Upon arriving through the Wilson Gate, a left turn on Bougainville Drive leads to Tarawa Terrace. The Bougainville campaign was a series of land and naval battles of the Pacific campaign of World War II between Allied forces and the Empire of Japan, named after the island of Bougainville. It was part of Operation Cartwheel, the Allies’ grand strategy in the South Pacific.
The first attack on Bougainville occurred on Aug. 15, 1943. The Marine Fighter Squadron 214, later known as the Black Sheep, flew up from the Russell Islands to barrage the Kahili airfield during American amphibious landings on the island of Vella Lavella. The lightning strike, a surprise so complete the Japanese did not have time to shoot back, damaged aircraft and refueling equipment on the ground.
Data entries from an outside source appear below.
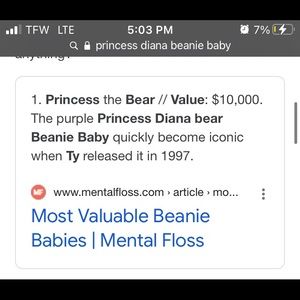 Limited addition princess Diana beanie baby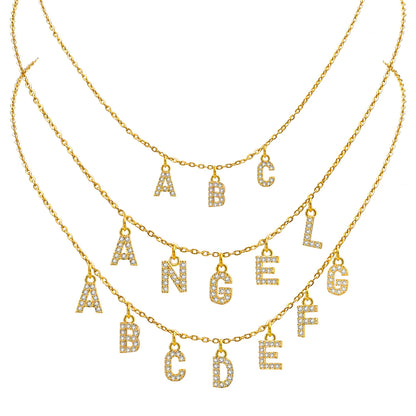 Custom Personalized Name Necklace for Women, Initial Letter Pendant Zircon Necklace, Stainless Steel Wholesale Jewelry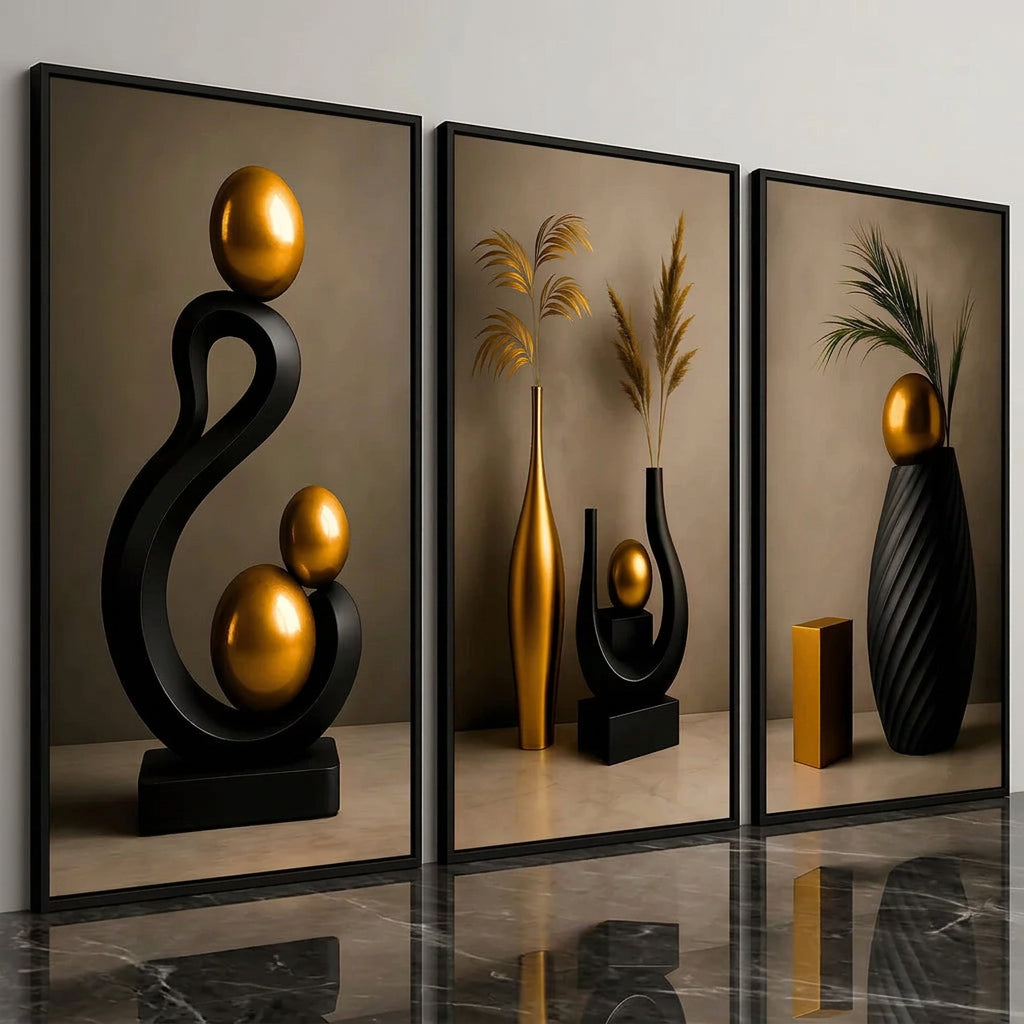 3Pcs/set Modern Floral Wall Art Decor Black Aesthetic Flower Wall Decoration Minimalist Home Decor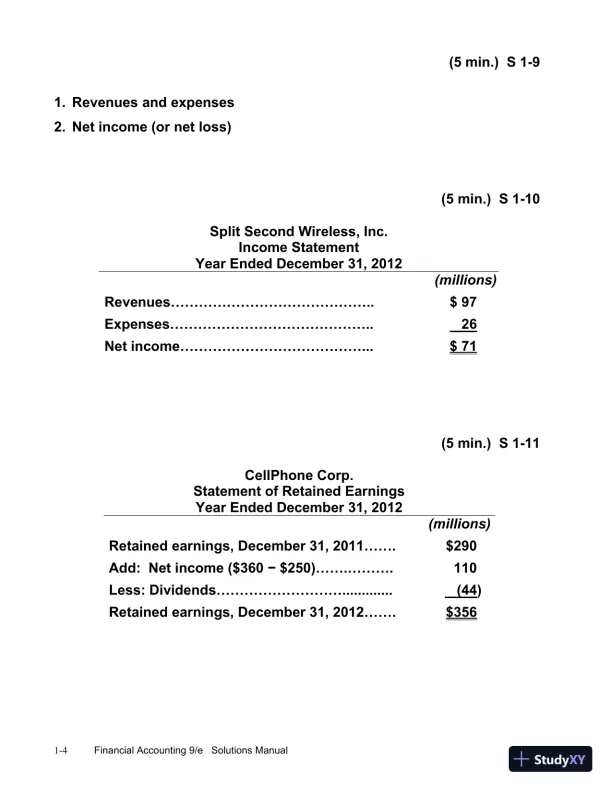 Financial Accounting, 9th Edition Solution Manual - Page 5 preview image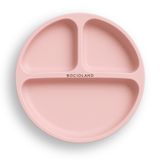 Bocioland, silikonowy talerzyk z przyssawkami, trójdzielny, różowy, 1 sztuka - miniaturka zdjęcia produktu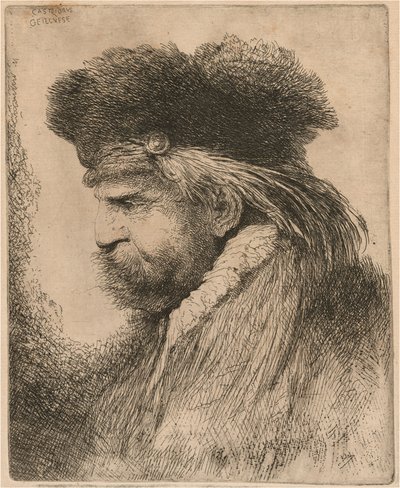 Homem barbudo com gorro de pele, virado para a esquerda de Giovanni Benedetto Castiglione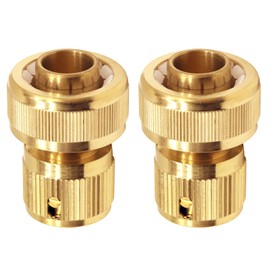 Tesmotor Brass Hose Connector Hose End Quick Connector for 3/4-inch Graden Hose Pipe-Garden Hose Expandable Stretch Fittings Tap Adaptors Connectors 2Pack
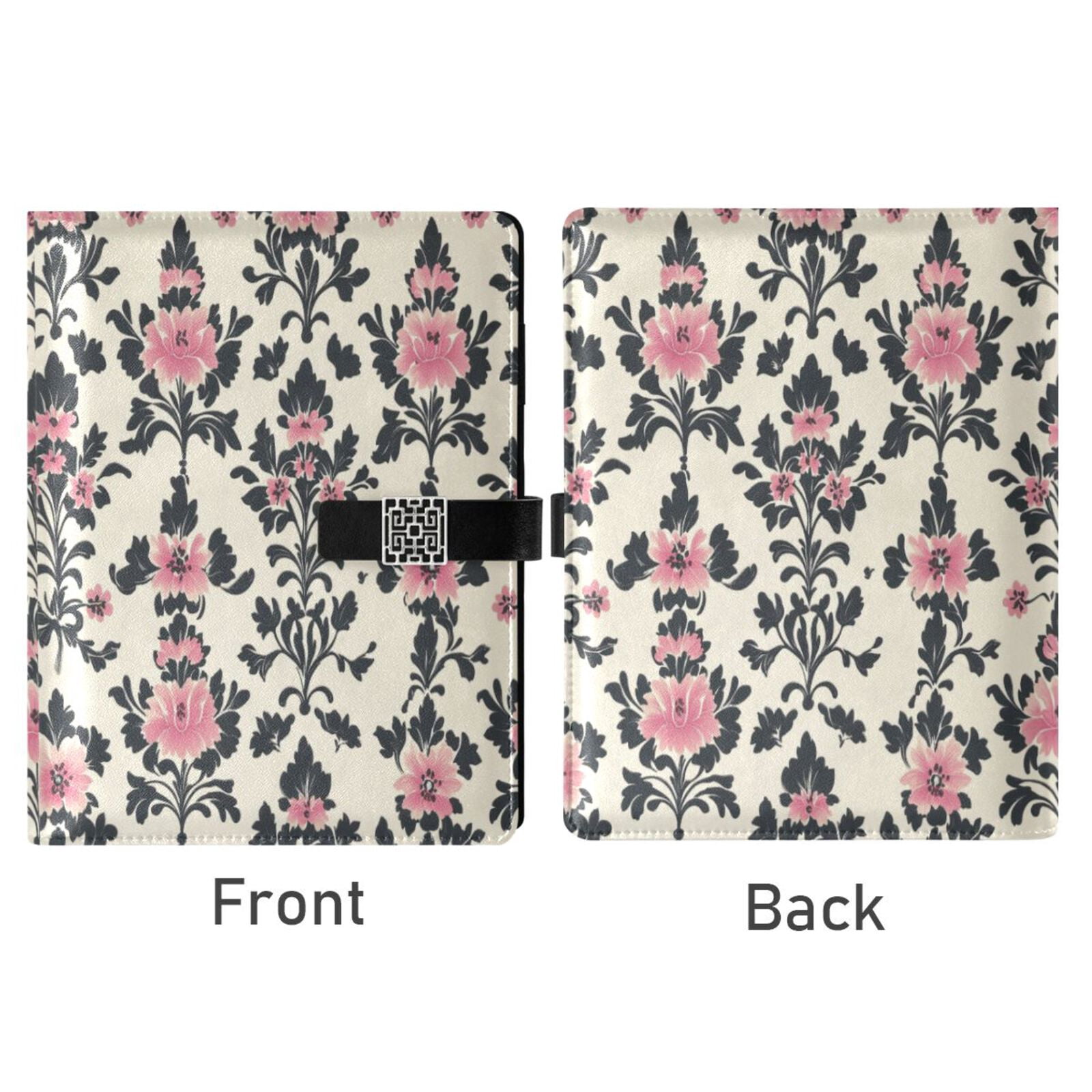 Premium Faux Leather Notebook - Refillable, Multi-Functional Organizer, 23.3x17cm, All-Season Use，Victorian Wallpaper Pattern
The landing of the 3rd Marine Division at Empress Augusta Bay on Bougainville took place Nov. 1. The forces consisted of 14,321 troops who were met with several obstacles. The Japanese defenses of the beaches were stronger than anticipated. The 40,000 troops on the island were thought to be stationed mainly around the airfields, and the extensive system of bunkers in the jungles were not accounted for.
The Marines who landed west of the Koromokina River met steep slopes and shoals on which they lost more than 80 amphibious craft. Those landing east of the Koromokina were caught in crossfire from machine guns. A small contingent of Marines knocked out the gun emplacement on the cape and the 3rd Marine Raiders captured the island. The landing force drove away the rest of the Japanese defenders while the war dog platoon sniffed out snipers along the trails.
In spite of the resistance and two Japanese air assaults launched from bases on Rabaul during the day, the Marines succeeded. By nightfall, all 14,000 troops, together with 6,200 tons of fuel, rations and ammunition were landed along a 200-yard perimeter.